Embora o objetivo central das Regras de Mandela seja assegurar tratamento digno às pessoas privadas de liberdade, extrai-se dessas disposições uma lógica institucional clara: não há segurança, disciplina legítima, prevenção da violência ou respeito aos direitos humanos sem profissionais preparados, protegidos e valorizados.
O que a Corte Interamericana já reconheceu
A Corte Interamericana de Direitos Humanos acompanha, há décadas, situações graves em estabelecimentos prisionais brasileiros por meio de medidas provisórias destinadas a proteger a vida e a integridade das pessoas expostas a riscos de extrema gravidade e urgência. Isso ocorreu, entre outros, nos casos da Penitenciária Urso Branco[8], em Rondônia; do Complexo Penitenciário de Pedrinhas[9], no Maranhão; e da Penitenciária “Dr. Sebastião Martins Silveira”, em Araraquara[10], São Paulo.
No acompanhamento do Complexo Penitenciário de Curado, em Pernambuco, a Corte Interamericana examinou a insuficiência de pessoal e determinou a adoção de providências destinadas a eliminar a atuação dos chamados “chaveiros” — pessoas privadas de liberdade que, em razão da deficiência do controle estatal, exerciam na prática funções de segurança, disciplina e controle sobre outros custodiados. A Corte requereu que o Estado concluísse a contratação de pessoal em número suficiente para atender à proporção prevista nas normas do Conselho Nacional de Política Criminal e Penitenciária e garantir que a segurança e a ordem fossem exercidas por funcionários estatais[11].
Outro aspecto relevante é que as medidas provisórias adotadas pela Corte Interamericana no caso do Complexo Penitenciário de Curado não restringiram a proteção às pessoas privadas de liberdade. O Tribunal determinou que o Estado protegesse também qualquer pessoa que se encontrasse no estabelecimento, incluindo expressamente agentes penitenciários, funcionários e visitantes.

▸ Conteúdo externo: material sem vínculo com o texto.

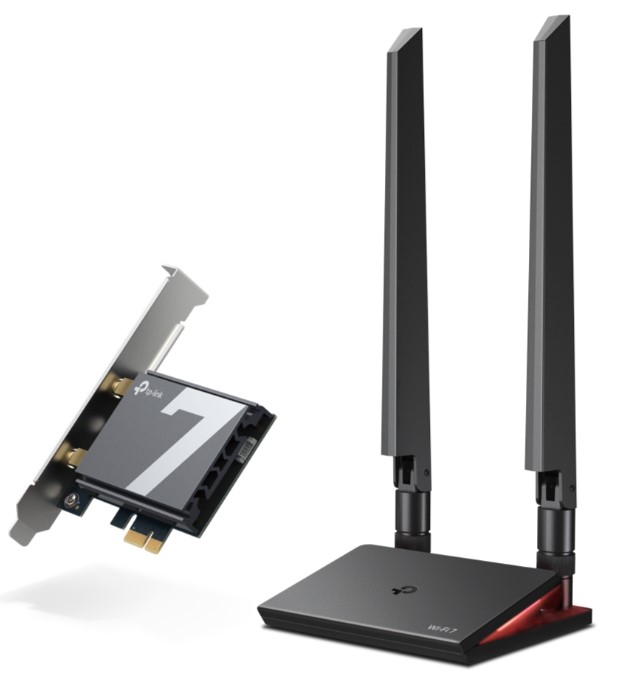 

Адаптер TP-LINK Archer TBE550E BE9300 трехдиапазонный беспроводной PCI Express Wi-Fi 7 с поддержкой Bluetooth 5.4, Archer TBE550E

Esse nível de proteção permite concluir que a segurança do ambiente prisional possui caráter indivisível, pois os riscos decorrentes da superlotação, da insuficiência de pessoal, da circulação de armas e da precariedade estrutural atingem tanto as pessoas custodiadas quanto os profissionais e todas as demais pessoas presentes na unidade.

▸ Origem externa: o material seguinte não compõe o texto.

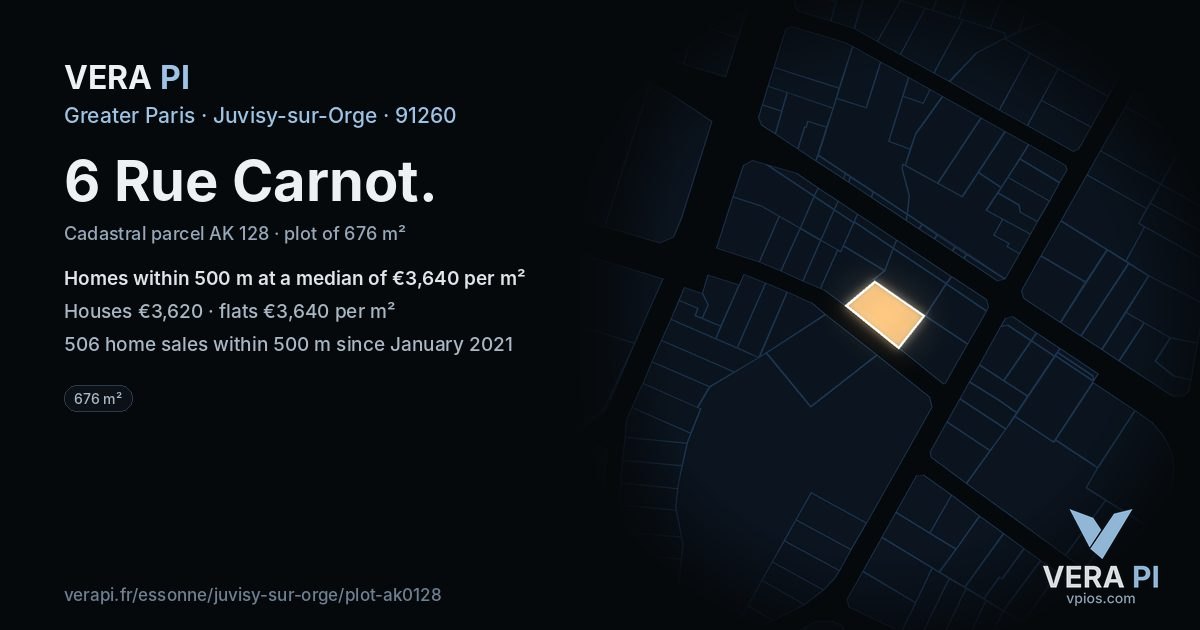 6 Rue Carnot, Juvisy-sur-Orge at night – the plot lit, the parcels around coloured by the prices near them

O Plano Pena Justa e a valorização dos servidores
O Plano Pena Justa, elaborado em cumprimento à decisão proferida pelo Supremo Tribunal Federal na ADPF nº 347 e lançado nacionalmente em fevereiro de 2025, incluiu entre suas medidas procedimentos destinados à valorização dos servidores penais. O documento reconhece que o enfrentamento do estado de coisas inconstitucional nas prisões exige ações relacionadas não apenas ao controle da superlotação, à infraestrutura e à qualidade dos serviços destinados às pessoas privadas de liberdade, mas também ao fortalecimento da capacidade institucional dos órgãos responsáveis pela execução penal e à melhoria das condições que afetam os profissionais que atuam no sistema prisional[12].

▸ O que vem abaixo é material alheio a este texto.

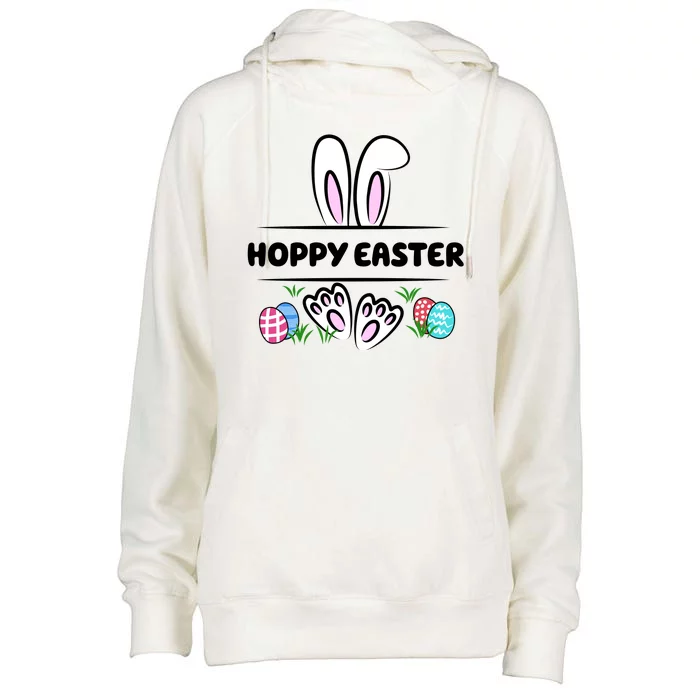 Hoppy Easter Bunny Holiday Cute Womens Funnel Neck Pullover Hood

A implementação estadual dessa política demanda a conversão desse diagnóstico em metas verificáveis, com definição de responsáveis, prazos, orçamento e indicadores. No caso de Mato Grosso, a discussão sobre a valorização dos servidores penais oferece oportunidade para consolidar uma política integrada de saúde mental, segurança no trabalho, formação, gestão de pessoal e prevenção de riscos.
O que precisa ser feito
O quadro recomenda a adoção de providências estruturais. Entre elas estão a produção e a publicação periódica de dados específicos sobre saúde e afastamentos; a avaliação do dimensionamento do efetivo em cada unidade; a oferta de atendimento psicológico e psiquiátrico sigiloso; o acompanhamento de servidores expostos a eventos traumáticos; a criação de espaços adequados de descanso, higiene e alimentação; a revisão dos protocolos de segurança; e a avaliação permanente das jornadas e das condições concretas de trabalho.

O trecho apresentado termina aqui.